Equipment for research is provided through individual research grants and contracts in addition to an annual University equipment grant which is competitive on a departmental basis. In 1999 a system was introduced to allow certain departments on request to receive a significant equipment grant to acquire major items of equipment on the understanding that those departments do not receive further equipment grants over the following 4 year period. Ad hoc infrastructural support is provided in cases of need to develop new research areas and to assist new as well as productive groups.

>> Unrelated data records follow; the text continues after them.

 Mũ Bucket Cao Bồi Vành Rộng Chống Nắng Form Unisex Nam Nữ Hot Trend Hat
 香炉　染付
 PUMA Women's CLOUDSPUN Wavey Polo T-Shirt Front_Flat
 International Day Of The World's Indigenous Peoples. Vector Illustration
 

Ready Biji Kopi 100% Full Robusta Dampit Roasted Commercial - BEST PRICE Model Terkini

During a staff orientation programme the Director of Research informs mainly new staff about research issues and functions of the Research Office which is followed up with more detailed sessions with individuals on request. Workshops in conjunction with other departments or outside facilitators are conducted on supervision, funding, entrepreneurship, intellectual property and other related topics. Funding organizations are also regularly invited to make presentations to staff. Such workshops and presentations are often targeted at younger, inexperienced staff. The DVC: R&D is regularly invited to make presentations or be involved in discussion sessions in academic departments and specific research groups on subjects of their choice. Two years ago a process of regular departmental visits was initiated to make staff aware of developments in research and to provide an opportunity for informal discussions. The Higher Degrees Guide provides staff with an extensive guide on aspects of postgraduate supervision and other research student matters. This guide is revised on an annual basis by the DVC: R&D in consultation with Faculty Deans.

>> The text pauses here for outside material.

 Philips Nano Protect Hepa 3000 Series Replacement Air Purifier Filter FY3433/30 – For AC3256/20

Senior staff are encouraged to mentor more junior staff mainly within their own disciplines, an informal mentorship which is very successful. A number of retired senior professors also fulfil this role very successfully. The Mellon staff programme for accelerated development has a formal mentorship requirement and when necessary the DVC: R&D meets with the staff member and their mentor to assess their research development. All staff who do not have higher degrees are encouraged to further their studies and are provided with support to do so in the form of bursaries to pay fees, academic leave, an award and promotion opportunities on completion of the qualification and through other forms of ad hoc assistance. Visits by senior researchers from other institutions are encouraged and financially supported where possible. Important awards that encourage staff development are the prestigious Vice-Chancellors Distinguished Research (under 40) and Senior Research Awards. International standing and peer evaluation are the criteria used in making these awards and the prominence they receive at graduation ceremonies gives them a very high profile. A Vice-Chancellors book award was initiated in 2002 to recognize research outputs in book form. This is again a highly valued award particularly since book outputs are poorly rewarded in terms of subsidy earned for this form of research output.
The Research Office and DVC: R&D operate an open door policy in terms of assistance, guidance or advice on all research matters as well as other more general academic and personal issues such as career options, supervision, etc. In this regard the Research Office is one of the most utilized administrative offices by academic staff.